A park ranger hands a map out of a window at an entrance station.

1. Enjoy the Drive

If you want to drive in the park, you’ll need to come to the North Entrance in Gardiner, Montana—it’s the only road open to regular vehicles in winter. From there, you can drive to places like Mammoth Hot Springs, Lamar Valley, and Silver Gate/Cooke City. Temporary travel restrictions or closures can occur at any time without notice. Check our road status map and current conditions before you arrive, drive cautiously as roads can be icy, watch out for snow plows, and expect to encounter bison and other wildlife on park roads. Use plowed pullouts to watch wildlife, take pictures, and let other cars pass. Not a fan of winter driving? Book a guided road-based tour!

A park ranger motions to Old Faithful Geyser erupting in the background.

2. Make the Most of Your Trip

If you want to see places like Old Faithful or the Grand Canyon of the Yellowstone, you’ll need to book a guided snowcoach or snowmobile tour or apply for a permit through our non-commercial snowmobile program. If you want to get away from the roads, authorized businesses also offer guided skiing and snowshoeing trips, or you can explore our ski and snowshoe trails on your own.
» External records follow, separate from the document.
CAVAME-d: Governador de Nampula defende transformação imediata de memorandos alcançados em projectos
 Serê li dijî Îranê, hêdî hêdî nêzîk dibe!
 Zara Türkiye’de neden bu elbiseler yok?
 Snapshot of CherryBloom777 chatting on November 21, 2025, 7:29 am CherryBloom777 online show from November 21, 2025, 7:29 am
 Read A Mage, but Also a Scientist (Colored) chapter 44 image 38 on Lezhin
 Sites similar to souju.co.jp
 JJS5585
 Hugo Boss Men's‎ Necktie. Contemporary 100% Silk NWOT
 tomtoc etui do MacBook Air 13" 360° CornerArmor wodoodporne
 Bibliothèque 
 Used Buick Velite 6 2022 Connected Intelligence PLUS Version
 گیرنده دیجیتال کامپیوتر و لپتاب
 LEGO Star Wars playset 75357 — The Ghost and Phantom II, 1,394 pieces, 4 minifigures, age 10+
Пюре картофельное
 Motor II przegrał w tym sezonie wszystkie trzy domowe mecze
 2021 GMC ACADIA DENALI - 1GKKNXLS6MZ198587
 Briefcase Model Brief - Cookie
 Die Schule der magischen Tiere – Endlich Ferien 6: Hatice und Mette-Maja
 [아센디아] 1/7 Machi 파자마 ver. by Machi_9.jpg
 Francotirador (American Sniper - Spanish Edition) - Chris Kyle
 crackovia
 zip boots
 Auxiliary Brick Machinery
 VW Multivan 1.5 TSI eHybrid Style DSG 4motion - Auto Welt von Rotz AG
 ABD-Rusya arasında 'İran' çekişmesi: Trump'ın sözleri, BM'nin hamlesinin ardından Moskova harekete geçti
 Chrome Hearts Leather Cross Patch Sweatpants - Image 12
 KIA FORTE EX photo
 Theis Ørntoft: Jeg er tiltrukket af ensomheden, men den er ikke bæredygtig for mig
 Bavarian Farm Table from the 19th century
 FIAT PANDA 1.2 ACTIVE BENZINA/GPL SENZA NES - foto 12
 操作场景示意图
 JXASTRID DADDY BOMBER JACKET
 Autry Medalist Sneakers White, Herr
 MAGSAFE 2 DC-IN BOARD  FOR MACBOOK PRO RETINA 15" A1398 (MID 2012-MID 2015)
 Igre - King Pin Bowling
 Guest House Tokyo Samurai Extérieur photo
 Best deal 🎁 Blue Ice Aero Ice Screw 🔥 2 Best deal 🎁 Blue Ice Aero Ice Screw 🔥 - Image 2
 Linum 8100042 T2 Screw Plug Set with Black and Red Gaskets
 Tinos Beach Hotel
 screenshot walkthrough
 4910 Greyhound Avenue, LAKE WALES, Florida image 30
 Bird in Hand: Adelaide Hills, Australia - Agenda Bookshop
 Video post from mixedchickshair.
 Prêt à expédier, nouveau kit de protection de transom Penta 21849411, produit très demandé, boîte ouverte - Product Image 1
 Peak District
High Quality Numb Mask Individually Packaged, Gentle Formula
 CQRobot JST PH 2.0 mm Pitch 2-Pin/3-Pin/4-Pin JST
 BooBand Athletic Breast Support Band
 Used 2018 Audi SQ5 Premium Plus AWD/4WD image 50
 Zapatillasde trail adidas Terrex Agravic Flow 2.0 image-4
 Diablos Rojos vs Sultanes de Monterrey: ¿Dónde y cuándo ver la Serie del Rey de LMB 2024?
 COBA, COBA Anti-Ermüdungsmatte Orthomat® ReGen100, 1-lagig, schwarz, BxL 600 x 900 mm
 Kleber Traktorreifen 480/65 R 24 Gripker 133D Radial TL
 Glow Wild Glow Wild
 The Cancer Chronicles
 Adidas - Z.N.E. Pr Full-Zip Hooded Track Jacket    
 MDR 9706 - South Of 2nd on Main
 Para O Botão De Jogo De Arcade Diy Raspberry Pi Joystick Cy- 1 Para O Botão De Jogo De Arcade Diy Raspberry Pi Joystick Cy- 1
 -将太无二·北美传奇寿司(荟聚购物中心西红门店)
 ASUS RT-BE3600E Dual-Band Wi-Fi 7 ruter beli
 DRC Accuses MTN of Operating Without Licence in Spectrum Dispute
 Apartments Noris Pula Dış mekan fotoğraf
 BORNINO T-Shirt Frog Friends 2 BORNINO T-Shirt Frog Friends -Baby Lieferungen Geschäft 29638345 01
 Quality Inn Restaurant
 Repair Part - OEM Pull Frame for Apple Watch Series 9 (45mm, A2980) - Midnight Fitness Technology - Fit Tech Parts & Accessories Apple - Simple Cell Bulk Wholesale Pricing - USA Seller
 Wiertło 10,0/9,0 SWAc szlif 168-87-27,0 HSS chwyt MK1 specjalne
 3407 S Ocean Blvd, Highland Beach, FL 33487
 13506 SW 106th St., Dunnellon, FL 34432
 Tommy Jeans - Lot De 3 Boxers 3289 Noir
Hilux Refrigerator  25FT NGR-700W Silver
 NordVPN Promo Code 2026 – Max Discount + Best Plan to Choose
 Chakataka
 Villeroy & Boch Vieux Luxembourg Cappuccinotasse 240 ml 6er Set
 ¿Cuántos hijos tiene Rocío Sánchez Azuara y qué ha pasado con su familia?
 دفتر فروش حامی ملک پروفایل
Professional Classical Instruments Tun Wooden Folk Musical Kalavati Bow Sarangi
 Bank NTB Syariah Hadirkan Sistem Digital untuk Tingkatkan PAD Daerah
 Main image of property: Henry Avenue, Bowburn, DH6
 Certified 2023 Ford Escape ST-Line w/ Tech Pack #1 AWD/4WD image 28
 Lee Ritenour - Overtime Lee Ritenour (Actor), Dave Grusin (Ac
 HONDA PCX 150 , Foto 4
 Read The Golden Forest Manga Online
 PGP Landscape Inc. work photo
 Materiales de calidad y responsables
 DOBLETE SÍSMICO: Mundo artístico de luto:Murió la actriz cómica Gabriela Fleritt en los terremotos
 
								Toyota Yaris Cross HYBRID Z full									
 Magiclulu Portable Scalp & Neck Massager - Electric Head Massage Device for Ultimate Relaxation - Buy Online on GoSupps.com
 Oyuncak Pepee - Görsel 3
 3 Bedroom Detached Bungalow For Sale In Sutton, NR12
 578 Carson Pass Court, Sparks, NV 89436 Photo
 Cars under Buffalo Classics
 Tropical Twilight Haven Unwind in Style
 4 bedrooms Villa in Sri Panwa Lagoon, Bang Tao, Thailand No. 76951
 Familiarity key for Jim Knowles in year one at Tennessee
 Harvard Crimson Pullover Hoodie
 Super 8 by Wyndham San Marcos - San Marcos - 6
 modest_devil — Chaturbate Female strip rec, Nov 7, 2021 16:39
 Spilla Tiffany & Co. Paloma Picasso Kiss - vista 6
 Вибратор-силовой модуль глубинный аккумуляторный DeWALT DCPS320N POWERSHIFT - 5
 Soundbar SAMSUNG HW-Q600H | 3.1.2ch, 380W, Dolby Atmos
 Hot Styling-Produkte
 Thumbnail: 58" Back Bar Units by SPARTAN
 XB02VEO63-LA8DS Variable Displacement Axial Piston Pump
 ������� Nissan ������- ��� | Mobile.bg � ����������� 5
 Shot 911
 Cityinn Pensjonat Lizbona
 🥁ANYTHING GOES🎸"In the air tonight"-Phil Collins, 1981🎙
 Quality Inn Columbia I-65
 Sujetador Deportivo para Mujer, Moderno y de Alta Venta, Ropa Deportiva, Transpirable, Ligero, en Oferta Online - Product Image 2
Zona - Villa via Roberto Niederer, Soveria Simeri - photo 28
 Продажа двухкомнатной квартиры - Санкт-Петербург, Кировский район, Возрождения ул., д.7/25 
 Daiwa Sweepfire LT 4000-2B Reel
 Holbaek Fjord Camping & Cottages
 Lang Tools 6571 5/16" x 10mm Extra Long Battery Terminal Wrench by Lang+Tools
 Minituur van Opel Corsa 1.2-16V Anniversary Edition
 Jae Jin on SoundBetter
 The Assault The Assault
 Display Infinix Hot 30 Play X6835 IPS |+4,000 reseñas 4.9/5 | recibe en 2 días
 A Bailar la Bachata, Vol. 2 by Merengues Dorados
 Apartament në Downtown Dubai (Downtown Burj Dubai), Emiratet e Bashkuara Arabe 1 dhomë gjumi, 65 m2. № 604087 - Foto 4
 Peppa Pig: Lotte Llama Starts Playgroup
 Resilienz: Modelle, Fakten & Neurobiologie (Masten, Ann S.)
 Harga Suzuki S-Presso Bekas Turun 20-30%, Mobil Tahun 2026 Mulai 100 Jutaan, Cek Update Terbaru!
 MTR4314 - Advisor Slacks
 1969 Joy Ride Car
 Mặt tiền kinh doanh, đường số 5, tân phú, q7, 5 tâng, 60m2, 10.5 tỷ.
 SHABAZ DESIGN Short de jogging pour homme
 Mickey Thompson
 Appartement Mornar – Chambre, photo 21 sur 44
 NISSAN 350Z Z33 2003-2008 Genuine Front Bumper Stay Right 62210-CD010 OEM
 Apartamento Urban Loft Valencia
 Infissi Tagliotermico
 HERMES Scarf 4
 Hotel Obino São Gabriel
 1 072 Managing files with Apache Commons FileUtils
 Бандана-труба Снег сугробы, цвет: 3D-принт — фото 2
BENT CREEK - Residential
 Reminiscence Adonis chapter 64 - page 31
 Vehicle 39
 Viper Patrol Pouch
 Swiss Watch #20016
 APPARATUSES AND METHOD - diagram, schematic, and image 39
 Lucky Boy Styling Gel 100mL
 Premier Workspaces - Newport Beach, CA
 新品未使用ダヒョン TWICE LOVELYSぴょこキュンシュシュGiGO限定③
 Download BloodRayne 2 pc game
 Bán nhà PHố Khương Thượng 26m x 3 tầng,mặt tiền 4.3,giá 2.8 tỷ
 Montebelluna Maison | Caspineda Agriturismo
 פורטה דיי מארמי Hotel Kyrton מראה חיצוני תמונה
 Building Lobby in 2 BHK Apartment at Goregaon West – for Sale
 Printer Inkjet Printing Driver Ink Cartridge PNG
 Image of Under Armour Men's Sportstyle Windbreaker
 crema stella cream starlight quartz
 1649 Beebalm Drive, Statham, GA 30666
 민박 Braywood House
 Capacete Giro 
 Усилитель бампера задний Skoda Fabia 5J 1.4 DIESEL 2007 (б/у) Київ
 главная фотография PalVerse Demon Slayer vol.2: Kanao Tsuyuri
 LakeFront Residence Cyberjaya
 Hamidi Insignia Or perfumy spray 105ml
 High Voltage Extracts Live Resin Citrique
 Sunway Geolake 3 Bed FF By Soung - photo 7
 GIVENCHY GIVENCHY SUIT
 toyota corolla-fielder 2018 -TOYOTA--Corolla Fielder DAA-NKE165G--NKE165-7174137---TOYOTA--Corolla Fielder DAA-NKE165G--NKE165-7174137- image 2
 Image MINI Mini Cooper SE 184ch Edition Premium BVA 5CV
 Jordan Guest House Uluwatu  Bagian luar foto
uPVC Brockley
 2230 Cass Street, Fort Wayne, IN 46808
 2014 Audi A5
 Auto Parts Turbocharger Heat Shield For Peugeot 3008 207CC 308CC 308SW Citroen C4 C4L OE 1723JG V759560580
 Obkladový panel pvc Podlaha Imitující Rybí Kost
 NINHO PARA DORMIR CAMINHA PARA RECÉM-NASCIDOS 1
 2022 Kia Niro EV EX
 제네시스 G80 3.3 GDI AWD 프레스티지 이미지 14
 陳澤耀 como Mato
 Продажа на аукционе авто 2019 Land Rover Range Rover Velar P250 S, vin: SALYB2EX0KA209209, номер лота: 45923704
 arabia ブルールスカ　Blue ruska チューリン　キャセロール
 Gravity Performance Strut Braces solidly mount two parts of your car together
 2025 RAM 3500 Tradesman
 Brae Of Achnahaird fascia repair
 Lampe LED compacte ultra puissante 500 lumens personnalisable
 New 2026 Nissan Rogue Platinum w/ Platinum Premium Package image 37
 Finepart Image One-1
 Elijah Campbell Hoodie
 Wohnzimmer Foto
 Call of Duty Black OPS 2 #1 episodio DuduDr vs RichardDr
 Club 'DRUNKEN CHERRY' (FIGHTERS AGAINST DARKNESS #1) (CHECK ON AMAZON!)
A park ranger smiles in front of the Old Faithful Snow Lodge.

3. Arrive with Accommodation Plans

During winter, the Mammoth Hot Springs Hotel and Old Faithful Snow Lodge are open for overnight accommodations in the park. Make reservations as far in advance as possible. Lodging is also available outside of the park in our gateway communities. There are currently no campgrounds open in the park for the winter.

A park ranger prepares their vehicle for a winter drive with a snow shovel and backpack filled with supplies.

4. Watch Out for Winter Conditions

Winter temperatures range from 0°F to 20°F (-18°C to -7°C) throughout the day. Sub-zero temperatures are common, especially at night and at higher elevations. Check current weather conditions, pack proper clothing and equipment, and review winter safety tips!

A park ranger holds a camera with a telephoto lens for wildlife photography.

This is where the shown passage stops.